Mr. Eashing, however, is more interested in finding a nurse-companion who will listen to him read Dickens without giving him the dickens. Bettony, the Bellechasse's belligerent waitress, may be "useful in the way of a willing horse," but it doesn't look promising.

Down the lane from the Bellechasse, Elissa and Owen Grierson have just moved into an old bungalow, "more a flight of fancy than a leap in the dark ... hoping the change might compensate for the other radical change of not having a job to go to."

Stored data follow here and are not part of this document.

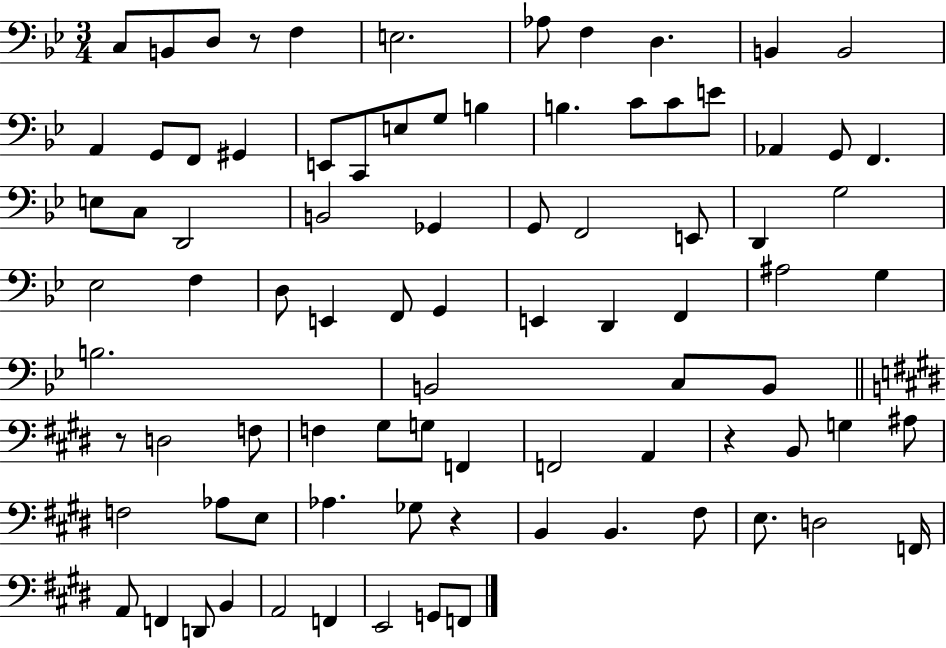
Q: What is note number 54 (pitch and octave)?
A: F3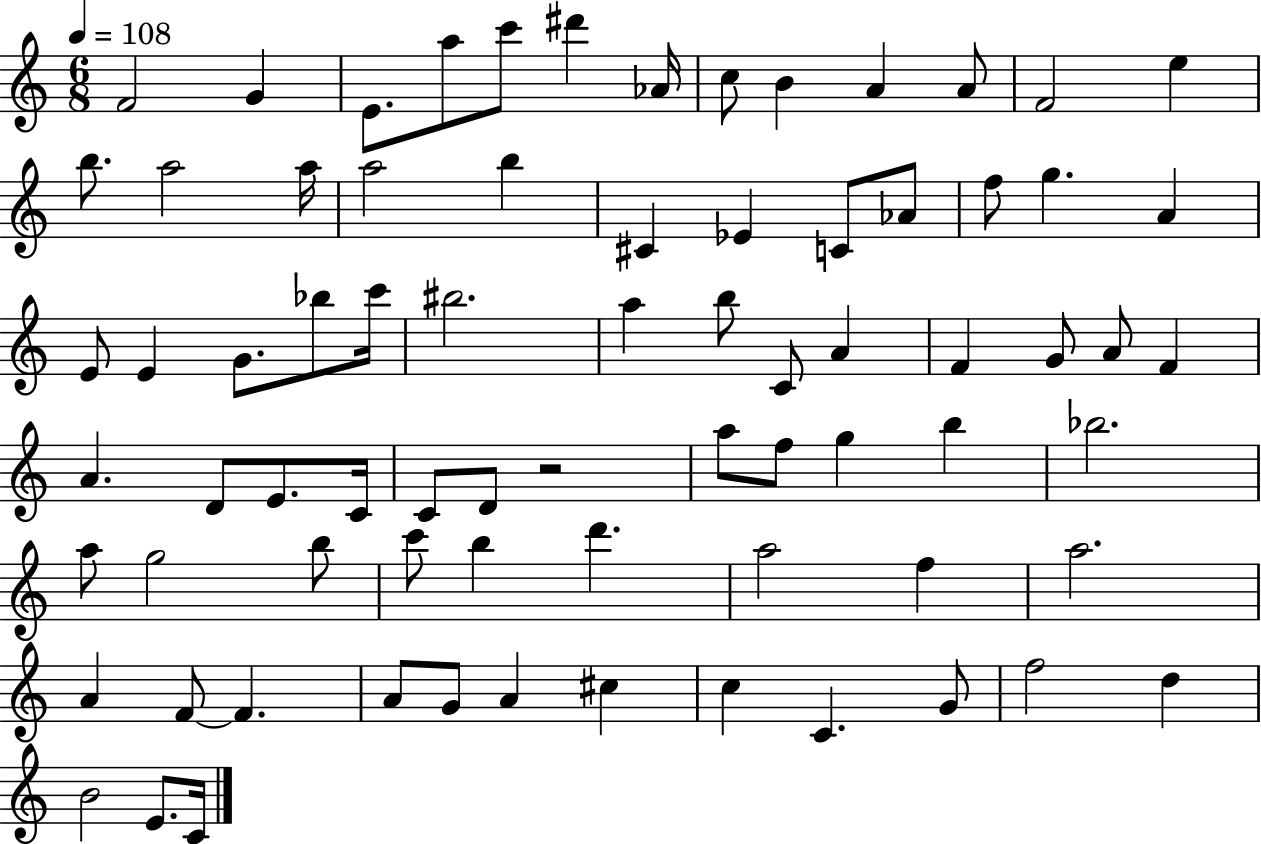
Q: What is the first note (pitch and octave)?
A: F4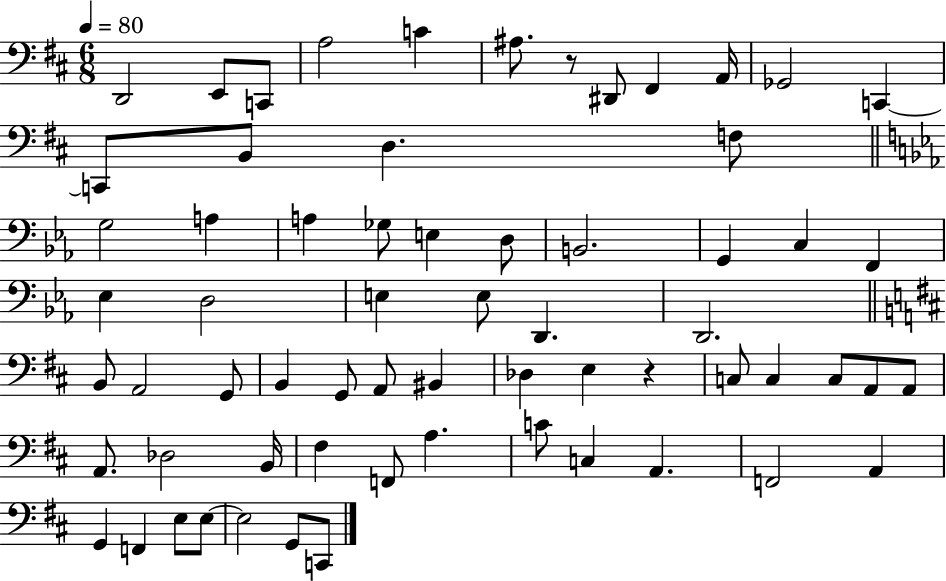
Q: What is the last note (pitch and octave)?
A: C2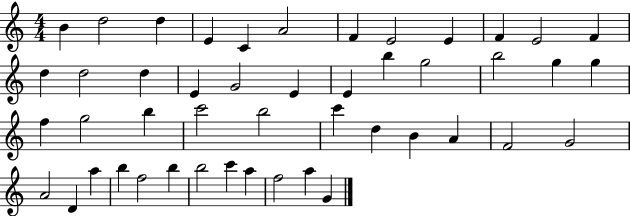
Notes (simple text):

B4/q D5/h D5/q E4/q C4/q A4/h F4/q E4/h E4/q F4/q E4/h F4/q D5/q D5/h D5/q E4/q G4/h E4/q E4/q B5/q G5/h B5/h G5/q G5/q F5/q G5/h B5/q C6/h B5/h C6/q D5/q B4/q A4/q F4/h G4/h A4/h D4/q A5/q B5/q F5/h B5/q B5/h C6/q A5/q F5/h A5/q G4/q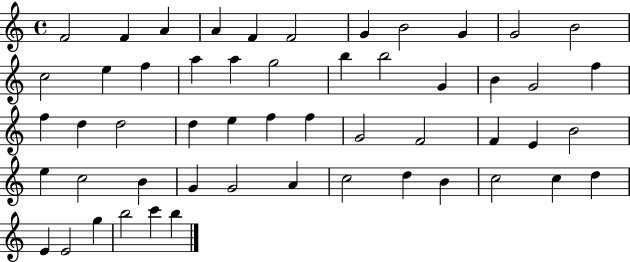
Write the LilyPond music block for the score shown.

{
  \clef treble
  \time 4/4
  \defaultTimeSignature
  \key c \major
  f'2 f'4 a'4 | a'4 f'4 f'2 | g'4 b'2 g'4 | g'2 b'2 | \break c''2 e''4 f''4 | a''4 a''4 g''2 | b''4 b''2 g'4 | b'4 g'2 f''4 | \break f''4 d''4 d''2 | d''4 e''4 f''4 f''4 | g'2 f'2 | f'4 e'4 b'2 | \break e''4 c''2 b'4 | g'4 g'2 a'4 | c''2 d''4 b'4 | c''2 c''4 d''4 | \break e'4 e'2 g''4 | b''2 c'''4 b''4 | \bar "|."
}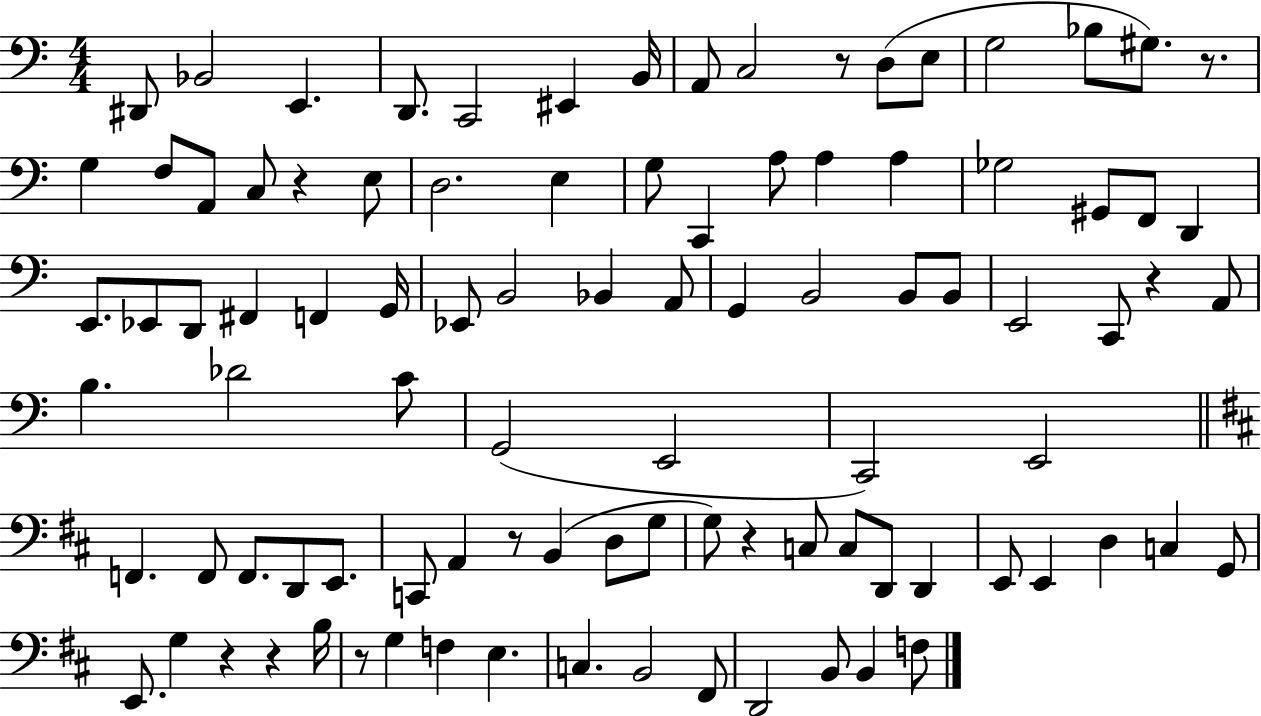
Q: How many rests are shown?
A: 9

Thirty years of marriage have made Owen something of an expert about his wife's moods, but retirement has unsettled them both. When he surprises her with two new twin beds, she tearfully concludes their long romance is over. Retiring to their jungle-like backyard to sulk, he discovers a little boy who hoots at him and gradually earns his reluctant affection. Before long, he's slipped into an emotional entanglement he didn't think he had the stamina for anymore.

"The Haunt" makes a convincing case that most people can't handle leisure time. As one dejected guest realizes, "This place brings out the morbid streak." Barker fixes her camera on a tripod and lets these strange characters pass back and forth in front of the lens for a series of short snippets that are as comic as they are painful. It's an engaging technique, carried off here with the gracefulness of a master who can make it look casual and random.

These short, rapidly changing scenes create a special challenge for author and reader, but Barker is the sort of master minimalist who can create a seaside with a stone, a Cornish hotel with a table, and a conflicted old woman with a single glower. What's most impressive is the way she captures the non sequiturs of lovers and strangers, the miracle of communication that somehow goes on between people whose words miss each other like startled birds.

Gradually, beneath the wry comedy of ridiculous misunderstandings and bizarre idiosyncrasies, there's something harrowing going on here. The ghosts have fled the hoary forest around the Bellechasse hotel, but temptation and longing still haunt these characters and cast strange shadows.

Barker is a sly narrator who leads us into the woods with crumbs of sentimentality, but then suddenly, the sky darkens, and we're in a strange, scary crevice of the human heart.